# I found a cat in really bad condition. EMERGENCY



## littlemissnawtie (May 1, 2011)

Today i was outside my house, and i saw this ginger and white cat.

I naturally went over to stroke it on its back like i do to my normal cat, and i felt his/hers bones, i can feel its spine. I feel so bad seeing it like that, and its raining. So i decided to feed it one of my cats jelly trays, and it ate it one go, the poor thing was ready to eat another. 

My parents wont let me keep another cat, and my mother suspects its one of the neighbours and they will be very pissed off because ive fed its cat. I really wanted to hand it over to the RSPCA, but my mother says that its best not to because it will cause us trouble. 

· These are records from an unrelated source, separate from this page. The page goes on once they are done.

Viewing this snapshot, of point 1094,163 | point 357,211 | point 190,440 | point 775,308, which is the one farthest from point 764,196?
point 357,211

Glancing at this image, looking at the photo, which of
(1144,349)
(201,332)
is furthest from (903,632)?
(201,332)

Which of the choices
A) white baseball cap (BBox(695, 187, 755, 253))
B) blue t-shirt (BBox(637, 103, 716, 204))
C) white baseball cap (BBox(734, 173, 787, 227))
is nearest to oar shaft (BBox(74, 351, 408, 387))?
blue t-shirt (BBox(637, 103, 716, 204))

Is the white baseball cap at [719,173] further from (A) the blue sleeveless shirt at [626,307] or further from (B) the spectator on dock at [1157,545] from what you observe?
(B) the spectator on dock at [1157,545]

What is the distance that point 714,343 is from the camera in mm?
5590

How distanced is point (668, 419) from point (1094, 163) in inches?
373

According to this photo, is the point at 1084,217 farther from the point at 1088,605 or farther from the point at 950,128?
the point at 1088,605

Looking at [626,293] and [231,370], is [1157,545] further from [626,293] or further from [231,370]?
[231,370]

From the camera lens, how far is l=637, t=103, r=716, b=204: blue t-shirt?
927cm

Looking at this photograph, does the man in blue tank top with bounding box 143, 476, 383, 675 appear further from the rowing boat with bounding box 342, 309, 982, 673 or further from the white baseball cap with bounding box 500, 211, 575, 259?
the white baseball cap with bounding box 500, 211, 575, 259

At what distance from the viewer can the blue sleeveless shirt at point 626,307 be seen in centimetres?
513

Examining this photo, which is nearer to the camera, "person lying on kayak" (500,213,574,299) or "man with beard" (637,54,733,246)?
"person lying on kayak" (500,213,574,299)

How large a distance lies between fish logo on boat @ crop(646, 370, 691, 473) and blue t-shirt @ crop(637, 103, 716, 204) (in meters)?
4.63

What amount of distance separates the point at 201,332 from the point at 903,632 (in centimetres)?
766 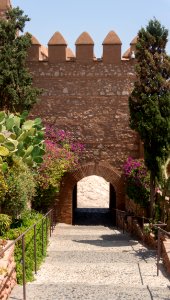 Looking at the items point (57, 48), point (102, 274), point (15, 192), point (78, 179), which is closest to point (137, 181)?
point (78, 179)

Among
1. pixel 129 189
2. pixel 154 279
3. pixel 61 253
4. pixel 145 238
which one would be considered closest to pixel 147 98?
pixel 129 189

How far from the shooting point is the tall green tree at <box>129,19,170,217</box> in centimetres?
1319

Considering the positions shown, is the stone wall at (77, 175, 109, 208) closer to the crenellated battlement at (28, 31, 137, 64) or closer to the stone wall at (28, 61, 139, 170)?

Ive hidden the cat in my room for now, just to give it some warmth and i want to ring the rspca but i dont want any trouble for my family. 

Its already come across my cat, and they didt like each other, having a little hissing session before i told my brother to take my cat out.

I wouldnt mind having another cat, but my parents are against it saying one is enough, even though i pay for all my cats food and costs and am willing to pay for the other one. 

Im just so conflicted, my mum said the cat hasnt always been around our area so it must have a home, so if we release it then it will go back, but it hasnt even eaten because its basically skin and bones so im worried about it if i leave it outside, especially because of the bad conditions n the house.

The cat is sat next to me and doesnt ant to leave my side, but i know eventually i have to do something about it, what should i do?


----------



## hazel pritchard (Jun 28, 2009)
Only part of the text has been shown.